Exclude all pictures, then write out exactly the lines below from the first one through the line with "Heritage - 8".

[Short text fragments from websites]
.....

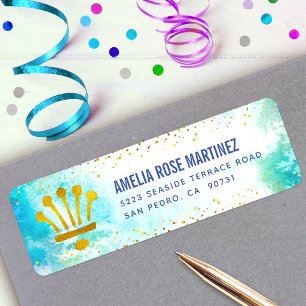Quinceañera Turquoise Watercolor Gold Foil Address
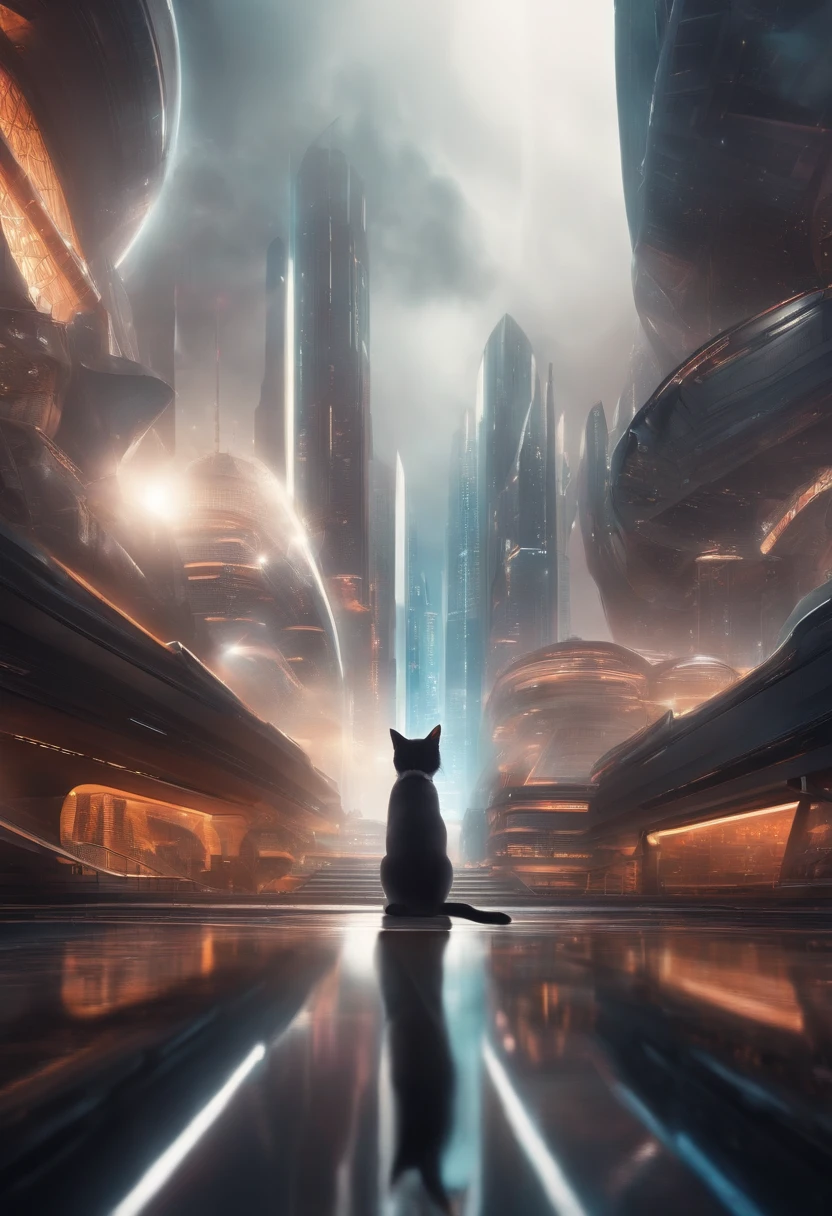 In the future with a white and a black cat in the middle of the futuristic buildings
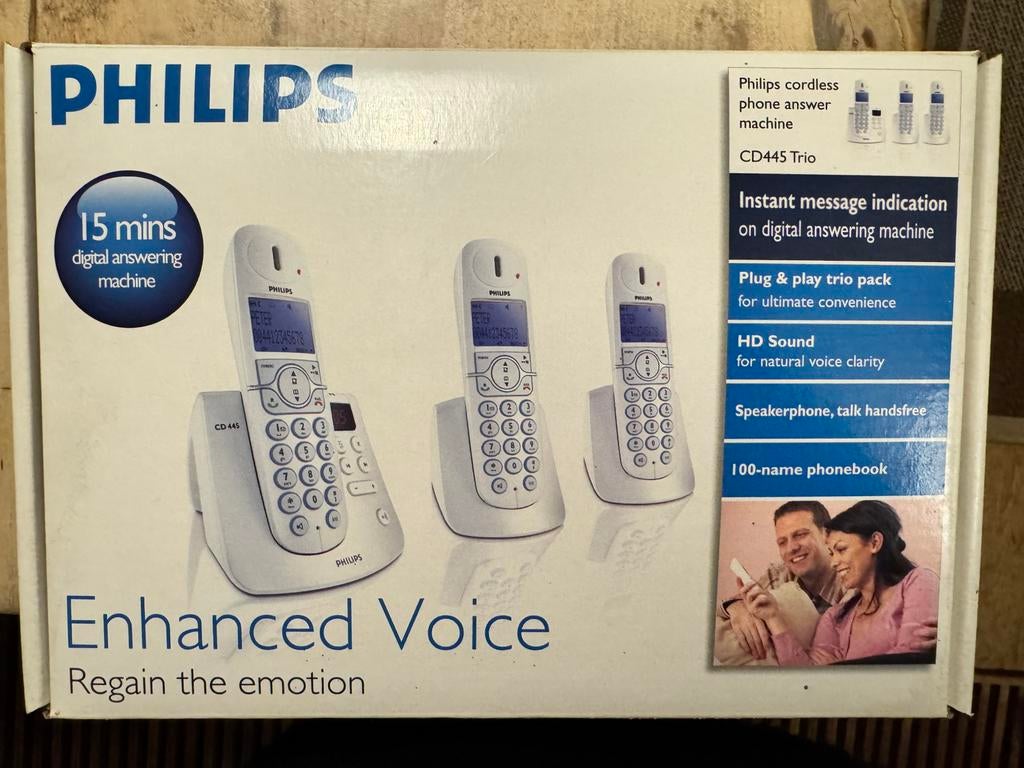 Opruiming: DECT Telefoon - 2 Handsets _ Philips CD445 Duo, Ophalen, Zo goed als nieuw, 2 handsets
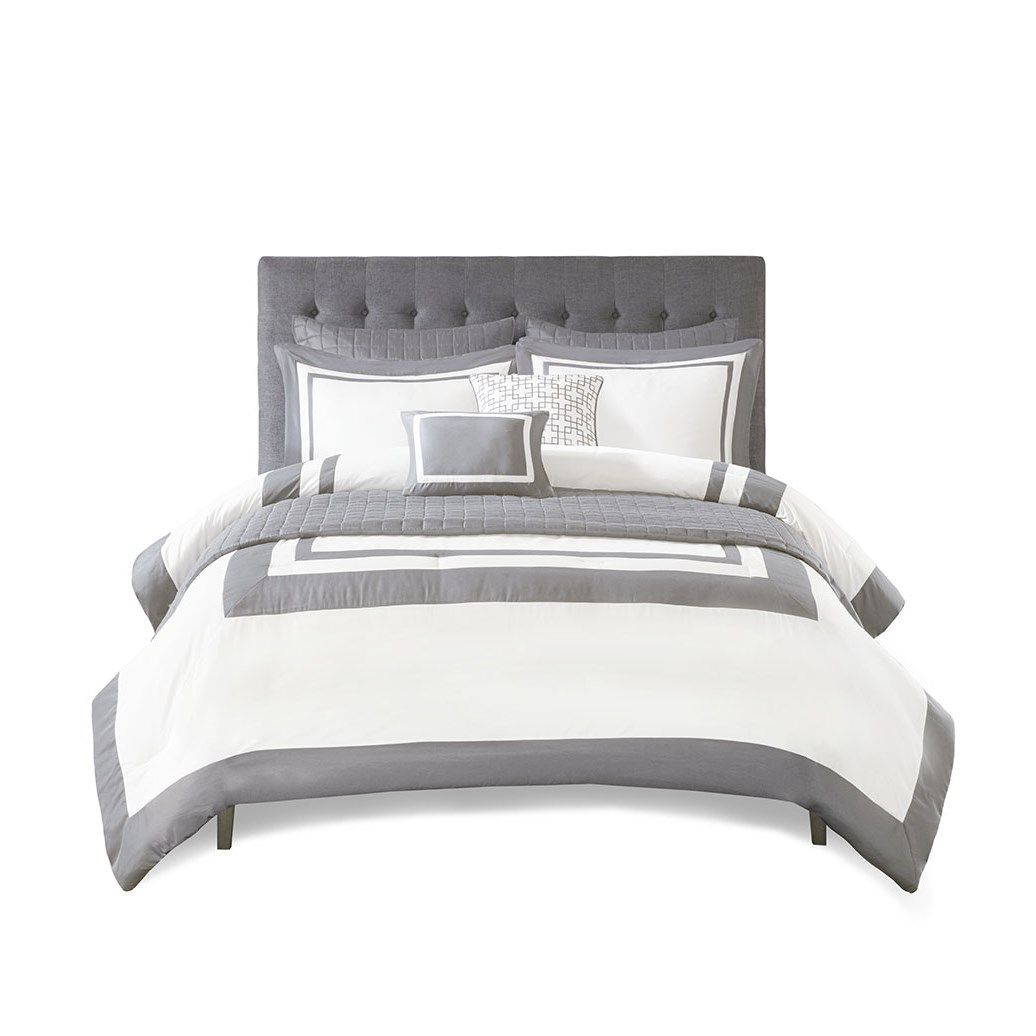 Heritage - 8 Piece Comforter And Coverlet Set Collection - Gray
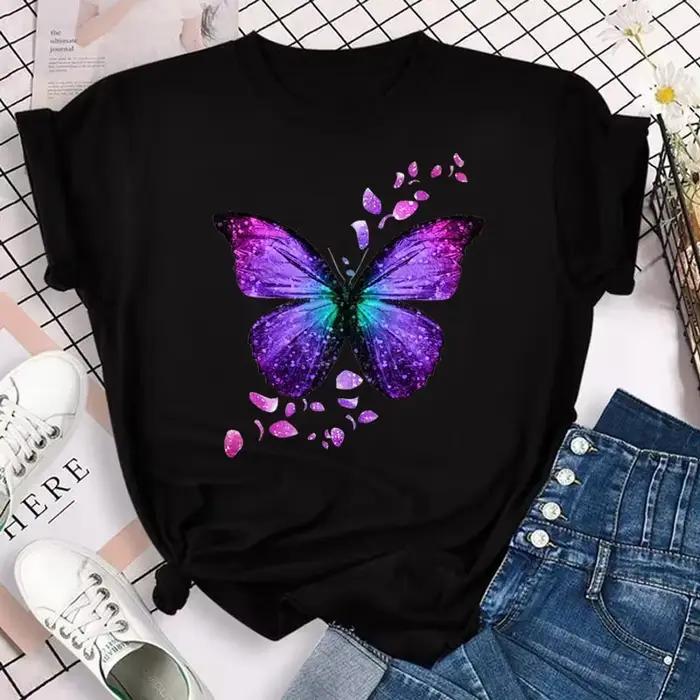 T-shirt à imprimé papillon pétale décontracté pour femme en polyester avec motifs floraux et coupe ajustée pour les jeunes filles occasions estivales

.....

• Response
Quinceañera Turquoise Watercolor Gold Foil Address
 In the future with a white and a black cat in the middle of the futuristic buildings
 Opruiming: DECT Telefoon - 2 Handsets _ Philips CD445 Duo, Ophalen, Zo goed als nieuw, 2 handsets
 Heritage - 8 Piece Comforter And Coverlet Set Collection - Gray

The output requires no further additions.